[Excerpts from a dataset]

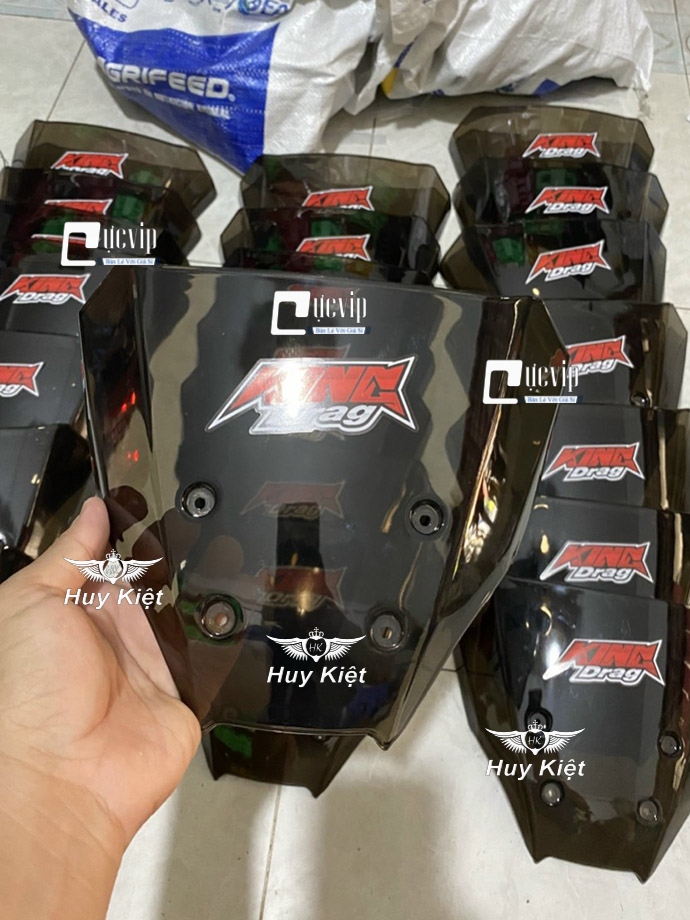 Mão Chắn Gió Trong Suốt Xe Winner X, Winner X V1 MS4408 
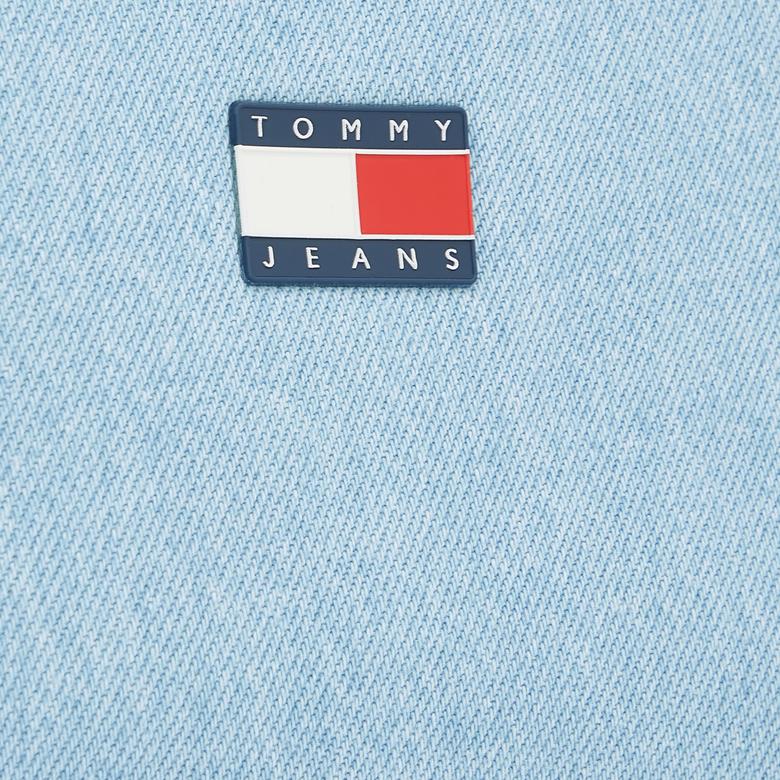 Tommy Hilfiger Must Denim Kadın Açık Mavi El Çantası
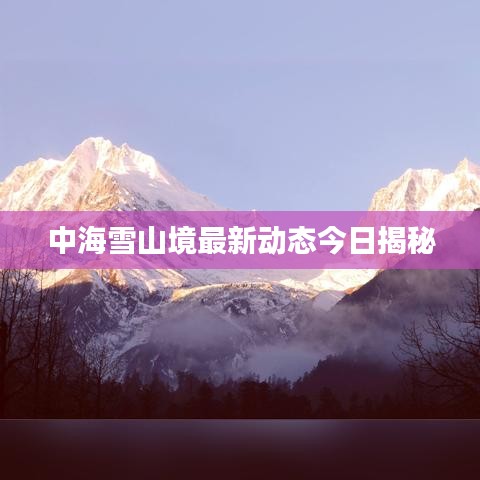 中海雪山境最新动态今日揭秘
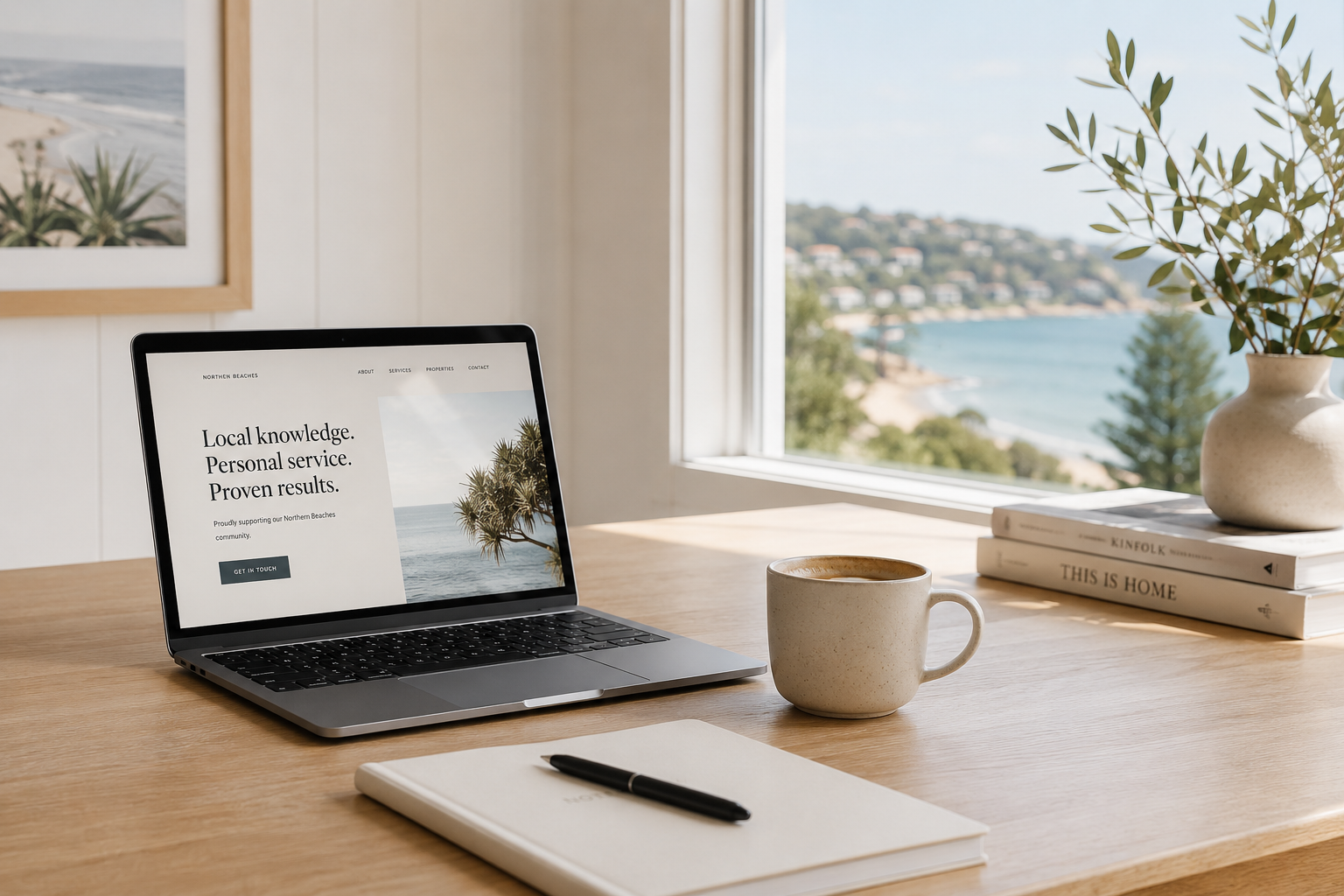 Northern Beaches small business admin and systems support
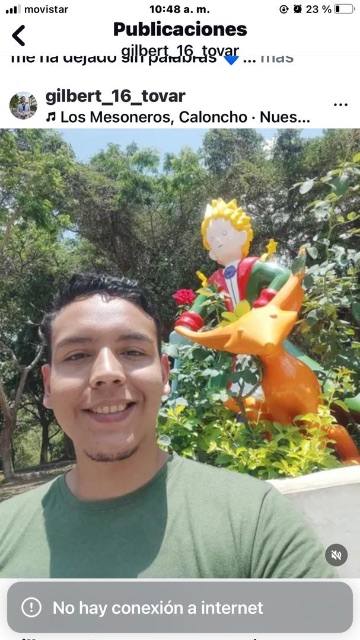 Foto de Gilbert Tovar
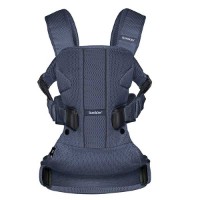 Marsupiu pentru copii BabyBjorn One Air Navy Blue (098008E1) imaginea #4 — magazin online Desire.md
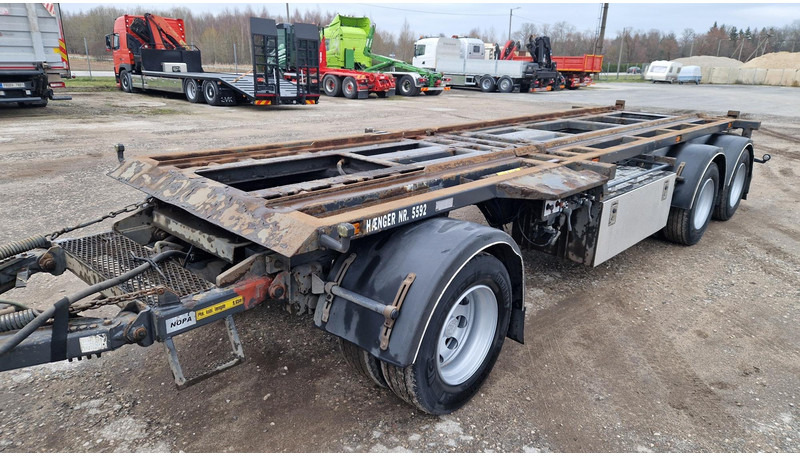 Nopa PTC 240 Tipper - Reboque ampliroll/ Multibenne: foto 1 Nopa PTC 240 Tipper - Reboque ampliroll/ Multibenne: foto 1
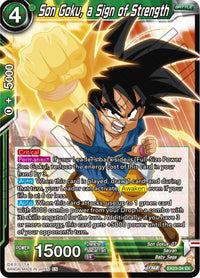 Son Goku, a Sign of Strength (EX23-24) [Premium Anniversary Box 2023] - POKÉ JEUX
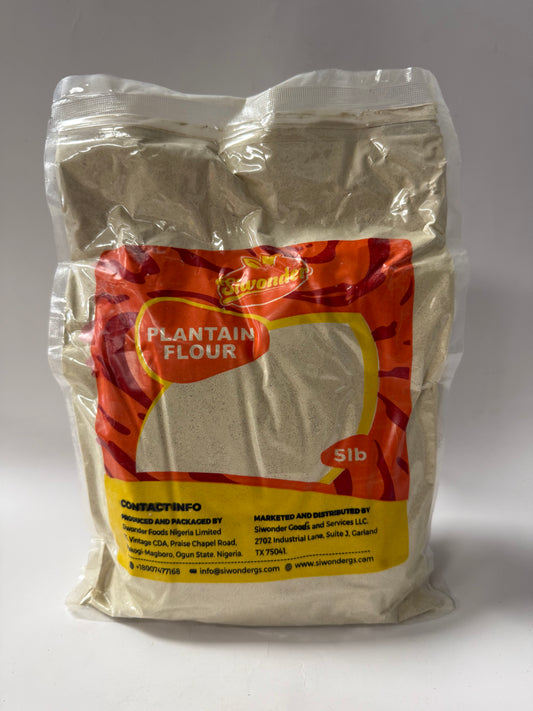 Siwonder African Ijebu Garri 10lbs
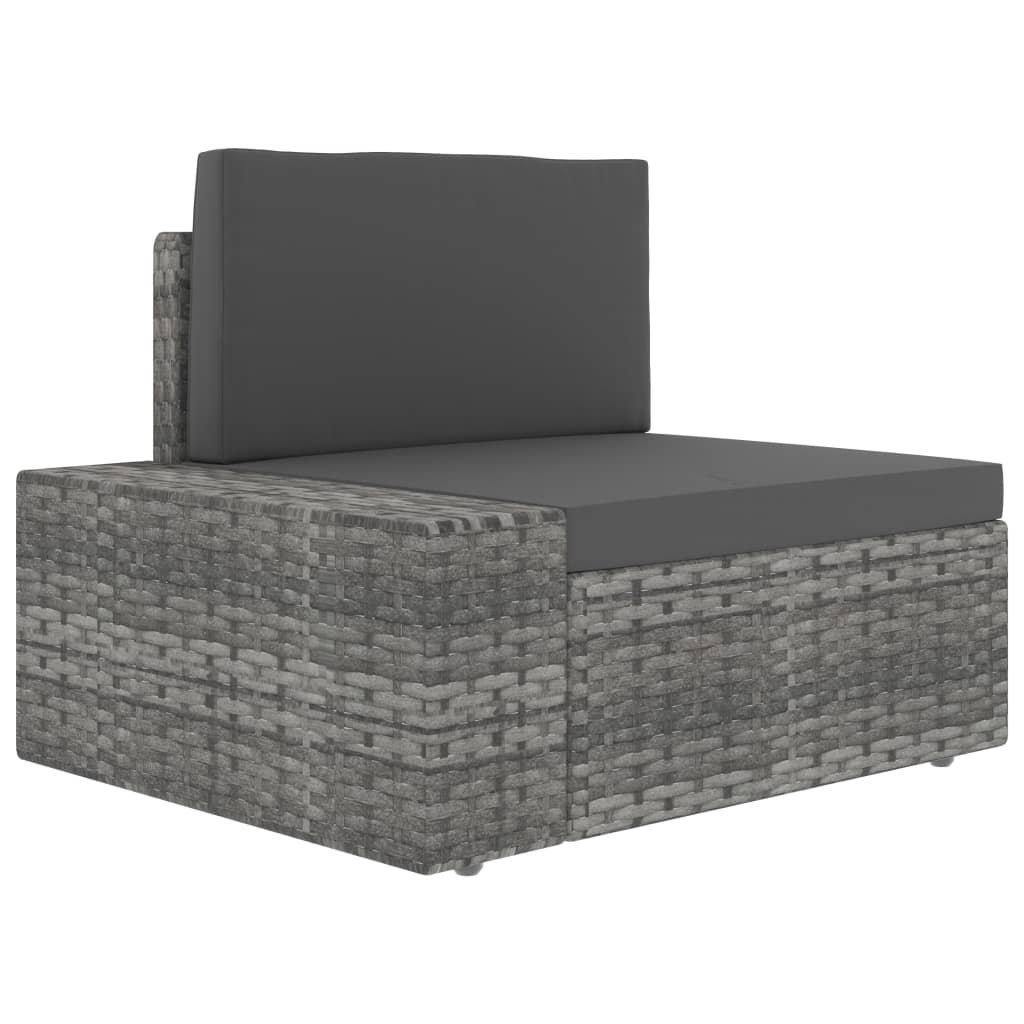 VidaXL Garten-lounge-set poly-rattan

*Work instruction*
Repeat the data above exactly, leaving out any pictures it holds.

*Response area*
 Mão Chắn Gió Trong Suốt Xe Winner X, Winner X V1 MS4408 
 Tommy Hilfiger Must Denim Kadın Açık Mavi El Çantası
 中海雪山境最新动态今日揭秘
 Northern Beaches small business admin and systems support
 Foto de Gilbert Tovar
 Marsupiu pentru copii BabyBjorn One Air Navy Blue (098008E1) imaginea #4 — magazin online Desire.md
 Nopa PTC 240 Tipper - Reboque ampliroll/ Multibenne: foto 1 Nopa PTC 240 Tipper - Reboque ampliroll/ Multibenne: foto 1
 Son Goku, a Sign of Strength (EX23-24) [Premium Anniversary Box 2023] - POKÉ JEUX
 Siwonder African Ijebu Garri 10lbs
 VidaXL Garten-lounge-set poly-rattan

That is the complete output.